The invention permits numerous embodiments. In order to make its basic principle even clearer, two of these are illustrated in the drawing and are described below. In the drawing:

FIG. 1 shows a diagrammatic illustration of a feed pump according to the invention in a longitudinal section,

FIG. 2 shows an inlet-side casing part of a pump casing from FIG. 1,

FIG. 3 shows an impeller of the feed pump according to the invention from FIG. 1, as seen from the inlet-side casing part,

FIG. 4 shows a part section through the impeller from FIG. 3 along the line IV—IV;

FIG. 5 shows a part section through a further embodiment of the impeller.

FIG. 1 shows a feed pump 2 according to the invention, driven by an electric motor 1 and designed as a side channel pump, with an inlet-side casing part 3 and with an outlet-side casing part 4. The casing parts 3, 4 are prestressed against an annular spacer 5. An impeller 7 fastened on a shaft 6 of the electric motor 1 is arranged rotably between the casing parts 3, 4. When the impeller 7 rotates, a liquid to be fed is fed from an inlet port 8 arranged in the inlet-side casing part 3 to an outlet port 9 worked into the outlet-side casing part 4.

A ring of guide vanes 12, 13 delimiting vane chambers 10, 10a, 11, 11a is worked into each of the two end faces of the impeller 7. Vane chambers 10, 10a, 11, 11a in each case located opposite one another are connected to one another. The casing parts 3, 4 of the feed pump 2 each have a part-annular channel 14, 15 in the region of the vane chambers 10, 10a, 11, 11a. The part-annular channels 14, 15 form, together with the vane chambers 10, 10a, 11, 11a, feed chambers 16, 17. When the impeller 7 rotates, circulating flows of a liquid to be fed occur in the feed chambers 16, 17. For the sake of clarity, the circulating flows are identified by arrows.

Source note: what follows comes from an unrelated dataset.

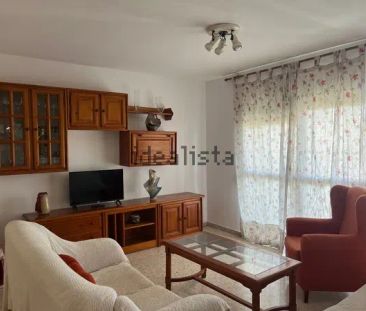 Alquiler de piso en Calle Pintor Cipriano Maldonado s/n - Photo 3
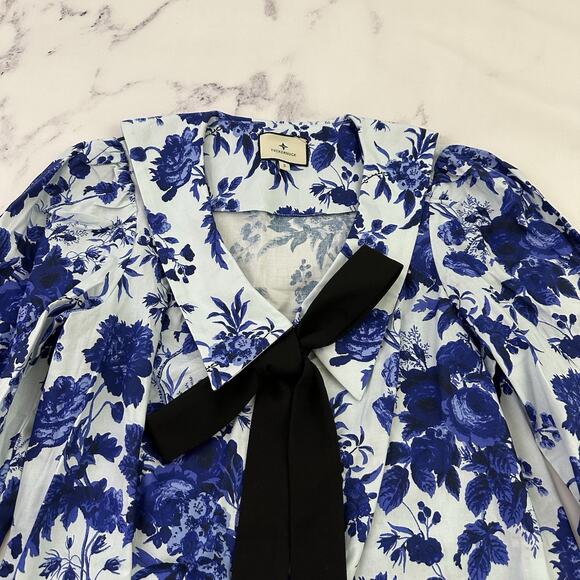 Tuckernuck Sapphire Bloom Bella Dress Size S Blue Floral Bow Trim Mini Pockets - Picture 2 of 12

Through the connection of vane chambers 10, 10a, 11, 11a located opposite one another, the liquid to be fed can overflow virtually without turbulence from one feed chamber 16 into the other feed chamber 17.

A degassing duct 19 opening into a degassing bore 18 is arranged in the inlet-side casing part 3. Some of the vane chambers 10 are connected to the degassing duct 19 via pockets 20 worked into the impeller 7. As a result, gas bubbles composed, for example, of liquid in vapor form are led out of the feed chambers 16, 17. Such gas bubbles occur, in particular, when the feed pump 2 is used as a fuel pump in a fuel tank of a motor vehicle and the fuel has high temperatures.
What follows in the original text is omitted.